(Dataset excerpts)

▶

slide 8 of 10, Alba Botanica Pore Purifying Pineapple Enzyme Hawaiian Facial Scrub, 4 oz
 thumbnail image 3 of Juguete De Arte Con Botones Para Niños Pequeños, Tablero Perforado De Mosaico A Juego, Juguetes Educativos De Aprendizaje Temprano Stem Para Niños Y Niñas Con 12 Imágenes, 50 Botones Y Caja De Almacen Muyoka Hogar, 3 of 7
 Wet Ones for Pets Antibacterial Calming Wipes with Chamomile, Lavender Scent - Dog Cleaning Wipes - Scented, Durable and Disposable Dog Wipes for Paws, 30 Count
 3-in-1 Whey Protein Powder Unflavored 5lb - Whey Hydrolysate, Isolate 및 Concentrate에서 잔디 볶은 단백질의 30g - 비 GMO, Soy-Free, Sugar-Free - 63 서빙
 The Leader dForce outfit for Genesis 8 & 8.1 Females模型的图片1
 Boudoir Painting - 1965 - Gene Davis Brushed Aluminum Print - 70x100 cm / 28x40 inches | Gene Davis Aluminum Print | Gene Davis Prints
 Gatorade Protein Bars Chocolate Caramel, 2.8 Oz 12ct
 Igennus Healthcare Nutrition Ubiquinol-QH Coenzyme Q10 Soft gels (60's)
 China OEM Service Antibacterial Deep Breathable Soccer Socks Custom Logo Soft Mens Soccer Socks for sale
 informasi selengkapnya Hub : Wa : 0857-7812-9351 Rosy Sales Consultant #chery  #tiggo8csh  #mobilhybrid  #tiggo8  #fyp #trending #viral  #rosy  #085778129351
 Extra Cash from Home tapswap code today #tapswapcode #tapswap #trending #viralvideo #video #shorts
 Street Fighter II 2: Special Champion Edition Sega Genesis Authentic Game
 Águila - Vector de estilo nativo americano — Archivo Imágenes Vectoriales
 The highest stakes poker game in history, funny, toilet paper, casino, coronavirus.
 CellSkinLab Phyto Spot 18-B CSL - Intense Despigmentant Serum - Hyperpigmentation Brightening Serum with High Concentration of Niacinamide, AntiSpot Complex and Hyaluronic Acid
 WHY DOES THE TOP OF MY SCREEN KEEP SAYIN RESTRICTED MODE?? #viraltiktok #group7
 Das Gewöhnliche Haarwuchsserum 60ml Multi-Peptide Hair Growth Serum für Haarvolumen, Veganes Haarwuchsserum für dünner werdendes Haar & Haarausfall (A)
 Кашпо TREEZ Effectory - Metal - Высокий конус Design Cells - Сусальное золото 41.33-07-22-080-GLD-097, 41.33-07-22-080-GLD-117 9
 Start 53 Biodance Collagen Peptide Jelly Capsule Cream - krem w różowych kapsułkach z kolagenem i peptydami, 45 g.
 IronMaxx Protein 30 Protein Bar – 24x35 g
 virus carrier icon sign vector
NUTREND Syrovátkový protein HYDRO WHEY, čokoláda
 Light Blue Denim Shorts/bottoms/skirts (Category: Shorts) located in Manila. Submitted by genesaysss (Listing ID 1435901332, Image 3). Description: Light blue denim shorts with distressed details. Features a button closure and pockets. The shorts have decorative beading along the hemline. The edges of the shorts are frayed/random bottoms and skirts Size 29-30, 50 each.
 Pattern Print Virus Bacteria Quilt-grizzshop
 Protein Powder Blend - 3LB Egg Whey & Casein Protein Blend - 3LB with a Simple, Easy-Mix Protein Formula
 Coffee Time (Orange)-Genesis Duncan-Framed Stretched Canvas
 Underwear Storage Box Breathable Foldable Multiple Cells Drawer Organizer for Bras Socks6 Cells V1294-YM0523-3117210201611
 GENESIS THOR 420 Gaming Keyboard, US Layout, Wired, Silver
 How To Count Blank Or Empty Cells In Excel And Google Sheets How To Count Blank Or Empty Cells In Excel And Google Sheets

◀

__Task requirements__:
Please output exactly the lines between the one holding "Pattern Print Virus Bacteria Quilt-grizzshop" and the one holding "Coffee Time (Orange)-Genesis" in the records above, inclusive, and nothing more.

__Result of this exercise__:
 Pattern Print Virus Bacteria Quilt-grizzshop
 Protein Powder Blend - 3LB Egg Whey & Casein Protein Blend - 3LB with a Simple, Easy-Mix Protein Formula
 Coffee Time (Orange)-Genesis Duncan-Framed Stretched Canvas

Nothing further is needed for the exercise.